Chinese stopwords for NLP

What’s are stopwords? Maybe someone need to ask, actually the stopwords are the meaningless words such as that, is, at and etc. That’s to say it is ok if we remove these words from sentence. Wikipedia:Stop words also give a explain about this word:

In computing, stop words are words which are filtered out before or after processing of natural language data (text). There is no single universal list of stop words used by all processing of natural language tools, and indeed not all tools even use such a list. Some tools specifically avoid removing these stop words to support phrase search.

Any group of words can be chosen as the stop words for a given purpose. For some search engines, these are some of the most common, short function words, such as the, is, at, which, and on. In this case, stop words can cause problems when searching for phrases that include them, particularly in names such as ‘The Who’, ‘The The’, or ‘Take That’. Other search engines remove some of the most common words—including lexical words, such as “want”—from a query in order to improve performance.

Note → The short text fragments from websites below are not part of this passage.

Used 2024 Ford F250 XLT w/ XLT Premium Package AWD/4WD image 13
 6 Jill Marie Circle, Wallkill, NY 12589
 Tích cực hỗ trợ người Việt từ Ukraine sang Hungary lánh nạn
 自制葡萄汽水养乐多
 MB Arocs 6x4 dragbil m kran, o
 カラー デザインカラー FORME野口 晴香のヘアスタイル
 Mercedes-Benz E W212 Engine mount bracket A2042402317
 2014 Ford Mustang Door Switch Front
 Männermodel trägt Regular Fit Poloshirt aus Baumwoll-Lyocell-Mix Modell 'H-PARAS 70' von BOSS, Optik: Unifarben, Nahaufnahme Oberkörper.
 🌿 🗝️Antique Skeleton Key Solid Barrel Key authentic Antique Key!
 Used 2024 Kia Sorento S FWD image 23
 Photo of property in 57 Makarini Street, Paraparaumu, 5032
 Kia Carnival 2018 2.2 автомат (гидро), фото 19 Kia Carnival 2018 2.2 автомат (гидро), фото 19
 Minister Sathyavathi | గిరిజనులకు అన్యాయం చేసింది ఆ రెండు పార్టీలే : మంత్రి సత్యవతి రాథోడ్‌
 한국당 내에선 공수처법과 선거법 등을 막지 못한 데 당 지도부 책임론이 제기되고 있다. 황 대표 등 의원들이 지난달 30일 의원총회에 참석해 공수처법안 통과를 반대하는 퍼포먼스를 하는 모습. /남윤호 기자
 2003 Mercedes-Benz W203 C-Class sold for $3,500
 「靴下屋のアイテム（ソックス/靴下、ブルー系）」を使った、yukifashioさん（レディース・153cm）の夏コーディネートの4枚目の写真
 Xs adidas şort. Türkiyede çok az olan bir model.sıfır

Fortunately Nltk provided stopwords corpus for english language, but the Chinese segment tool Jieba did not have stopwords corpus for Chinese. Usually the stopwords generally is a python list element, we can easily build our own stopwords corpus, and the BaiduGuide also provide some Chinese stop words for programmer. So the stopwords_zh project are presented after collected these words and save to a single file. You can download these file if you need to remove Chinese stopwords.

using

Here is a simple code for you to use this project. You need to carefull about the Chinese encode method (We use codecs to encode and decode Chinese words).

#! /usr/bin/env python
# encoding: utf-8
import codecs
import jieba

if __name__ == "__main__":
    str_in = "小明硕士毕业于中国科学院计算所，后在日本京都大学深造"
    stopwords = codecs.open('stopwords', 'r', 'utf-8').read().split(',')
    seg_list = jieba.cut_for_search(str_in)
    for seg in seg_list:
        if seg not in stopwords:
            print seg